Há uma situação que nos preocupa e que a decisão ainda está em aberto que é a questão dos intervalos. De forma a prevenir problemas maiores em termos de segurança, na construção de horários criamos um desfasamento, por exemplo, num dos pavilhões, metade das turmas começam as aulas às 08:50 e as restantes às 09:05, isto irá fazer com que os intervalos ocorram em momentos diferentes, bem como a pausa para o almoço.
Nós temos aqui um pavilhão, por exemplo, que só nele estarão 400 alunos, mais do que no total de muitas escolas que por aí existem. Se as coisas começarem a correr mal teremos que ser obrigados a manter os alunos dentro das salas durante os intervalos mas essa não é a nossa opção inicial. As idas à casa de banho também serão desaconselhadas durante o intervalo, porque não teremos capacidade de garantir que não vão em grupo, portanto essas idas irão acontecer mais durante o tempo de aula. Obviamente que isto irá gerar algum descontentamento nos professores mas é a melhor forma de garantirmos a segurança”.
Salvador Ferreira está consciente que “os pais estão preocupados”. De forma a minimizar esse sentimento “as equipas que elaboraram os planos de utilização dos espaços foram também constituídas por um elemento da associação de pais, permitindo assim que haja um maior envolvimento deles o que também gera confiança”.
Apesar de todos os cuidados o diretor afirma que “a partir deste momento temos a consciência que vão surgir casos. Temos um plano de contingência preparado exatamente para essa situação. Aquilo que esperamos é que, assim que os pais em casa se apercebam de qualquer sinal, que eles próprios tomem a iniciativa de não trazer os seus filhos. Se os casos forem detetados dentro de alguma das nossas escolas estamos preparados para isso.

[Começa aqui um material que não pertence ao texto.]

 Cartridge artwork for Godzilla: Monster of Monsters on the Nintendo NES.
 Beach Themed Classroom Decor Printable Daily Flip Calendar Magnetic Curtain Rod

O que apelamos é que os alunos se controlem uns aos outros, não de uma forma negativa mas para prevenir algum problema. De alguma forma todos nos achamos intocáveis mas se nos defendermos a nós vamos defender todos à nossa volta. Os jovens hoje têm uma visão às vezes rebelde sobre o excesso de normas mas neste caso acho que eles próprios também querem regras porque no fundo eles próprios também têm preocupações com esta situação, eles não são imunes às notícias que nos chegam todos os dias”.
Na azáfama da escola anda também Vânia Santos, acompanhada pela filha Maria, que este ano vem estudar para Portugal após regressar da Bélgica onde esteve emigrada.
Maria confessa-se “apreensiva” com esta nova etapa e num comparativo com a experiência vivida em Bruxelas afirma à nossa reportagem que “aqui notam-se menos cuidados. Na bélgica há um maior cuidado. Lá as pessoas usam máscara na rua, não se encostam nos balcões dos cafés, por exemplo, isso aqui não acontece, há muito mais cuidado”.
Vânia confessa que a filha “não queria vir estudar para Portugal” mas, apesar de notar “menos cuidado por parte das pessoas” afirma estar “tranquila com esta nova etapa” até porque, afirma, “ela também terá o máximo cuidado”.